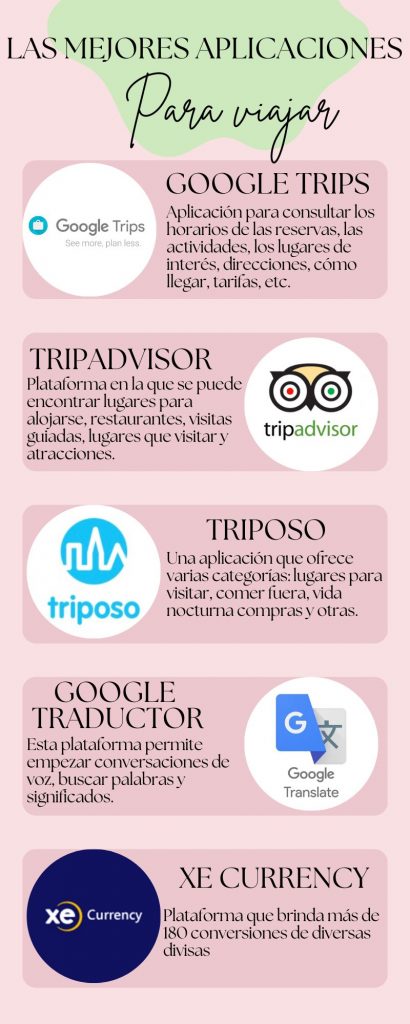 Las mejores aplicaciones para viajar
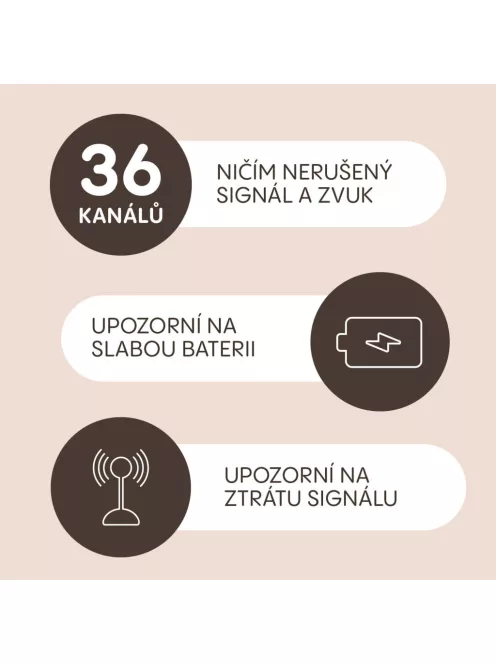 Zopa Watcher digitális bébiőr - Grey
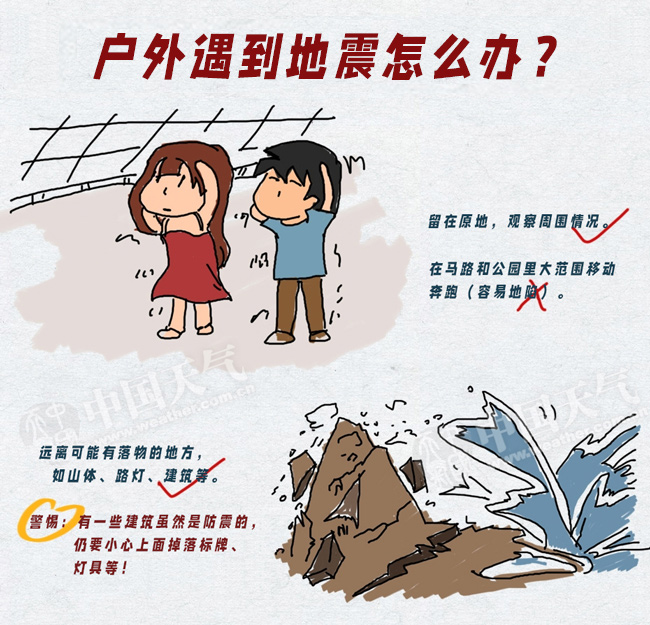 9月16日四川泸县突发6.0级地震！这份地震自救逃生攻略请收好4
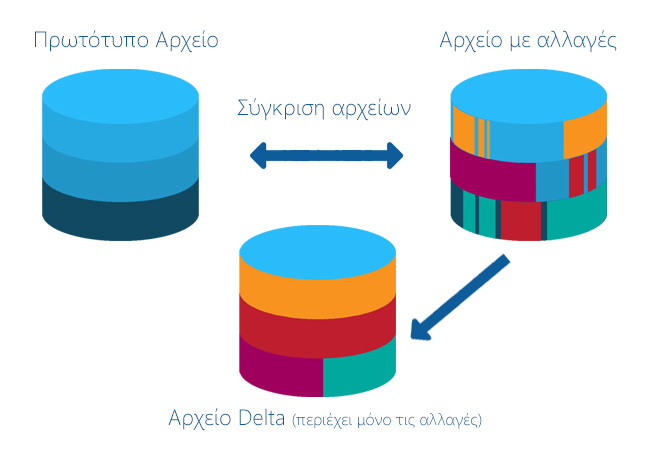 in-file delta technology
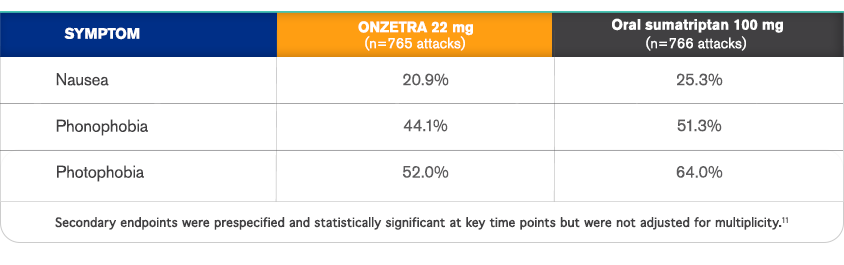 Migraine-associated Symptons table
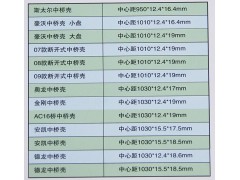 ,中橋殼,濟南匯德卡汽車零部件有限公司
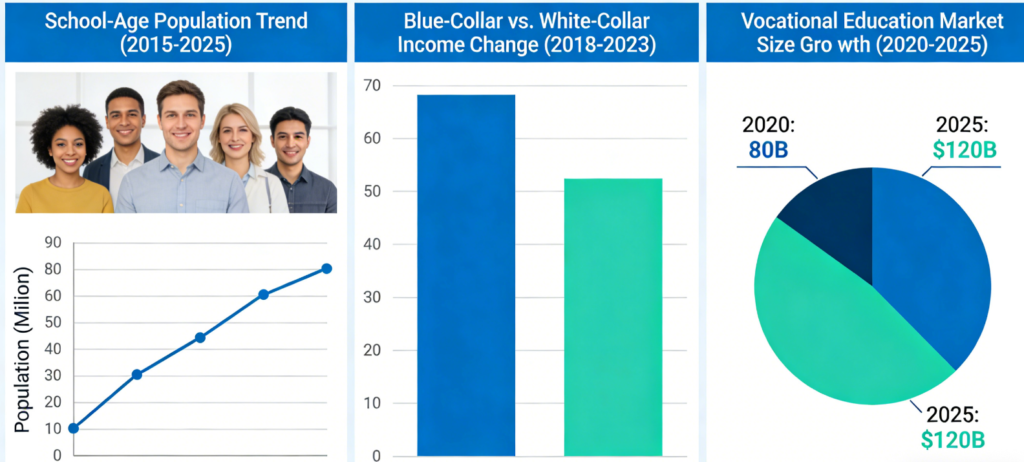 the development of Chinese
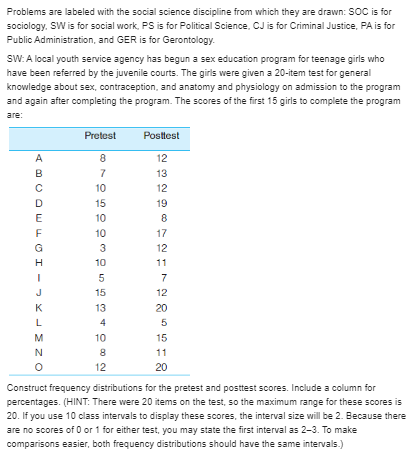 of a social services agency, you believe your staff of 20 social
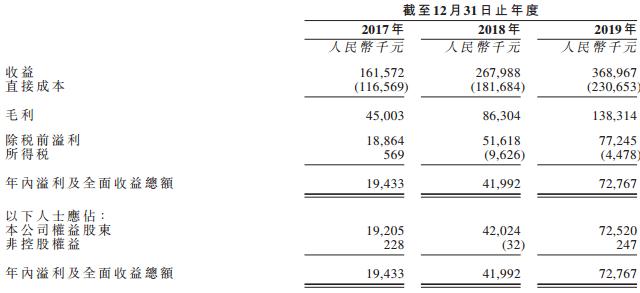 溢丰环保2019,溢丰环保招股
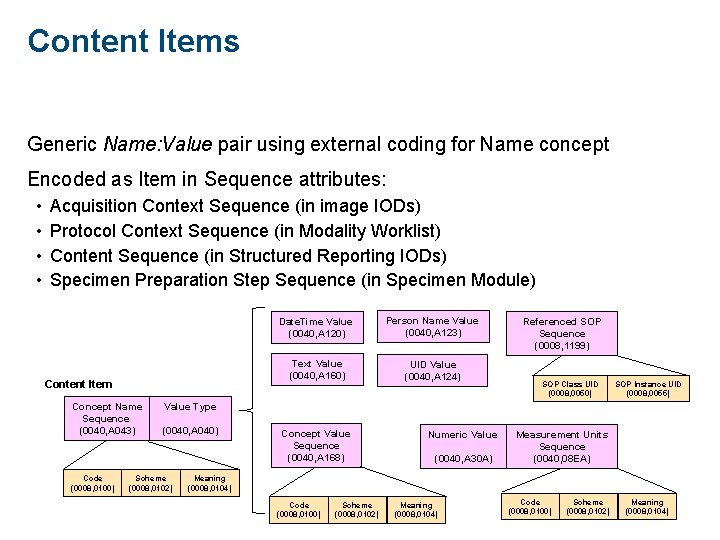 Content Items Generic Name: Value pair using external coding for Name concept Encoded as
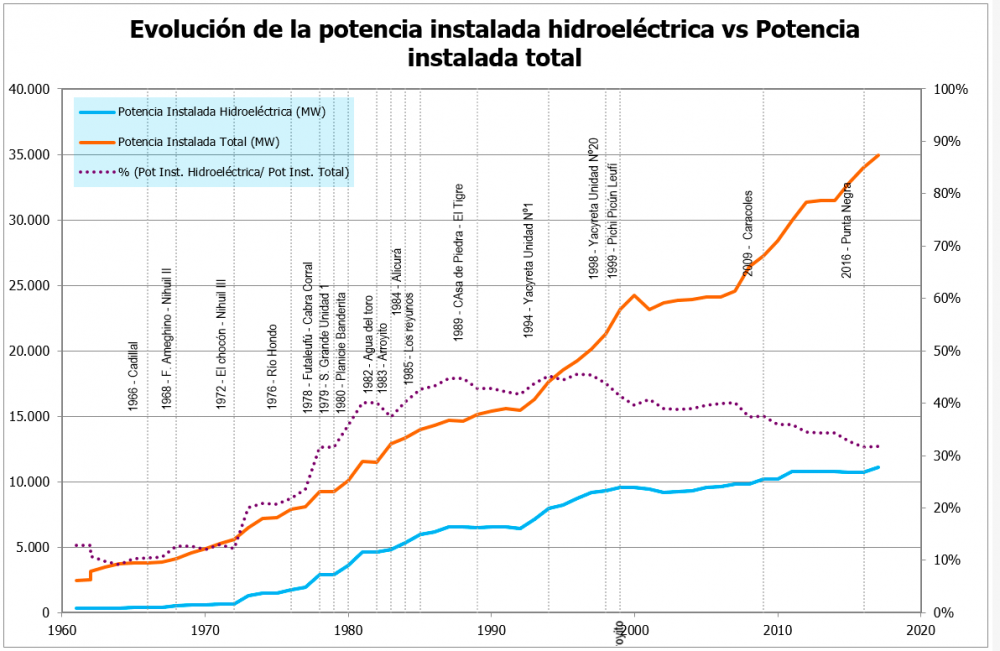 Evolución de la potencia instalada hidroeléctrica vs potencia instalada total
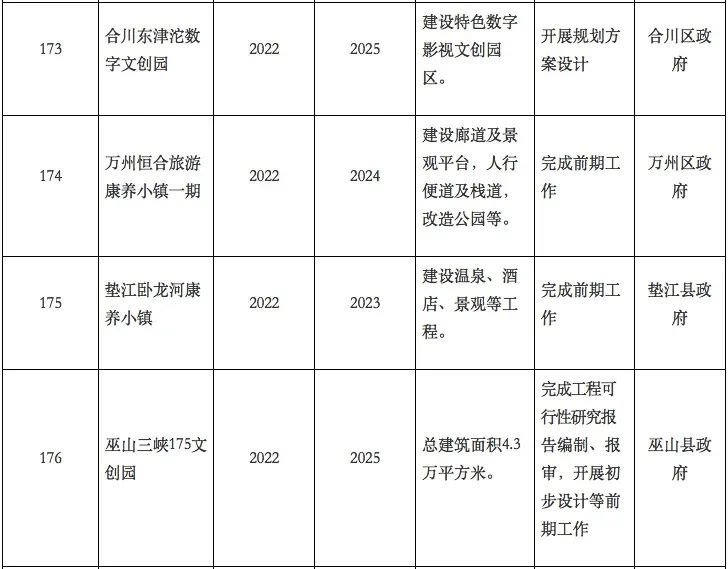 4.7万亿！62个项目！重庆重大文旅项目清单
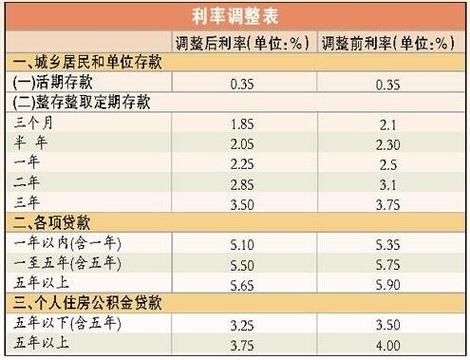 月息一分五对应的年利率是多少？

= EXERCISE OBJECTIVE =
Output every record above exactly, leaving out the pictures.

= ANSWER TO THIS TASK =
 Las mejores aplicaciones para viajar
 Zopa Watcher digitális bébiőr - Grey
 9月16日四川泸县突发6.0级地震！这份地震自救逃生攻略请收好4
 in-file delta technology
 Migraine-associated Symptons table
 ,中橋殼,濟南匯德卡汽車零部件有限公司
 the development of Chinese
 of a social services agency, you believe your staff of 20 social
 溢丰环保2019,溢丰环保招股
 Content Items Generic Name: Value pair using external coding for Name concept Encoded as
 Evolución de la potencia instalada hidroeléctrica vs potencia instalada total
 4.7万亿！62个项目！重庆重大文旅项目清单
 月息一分五对应的年利率是多少？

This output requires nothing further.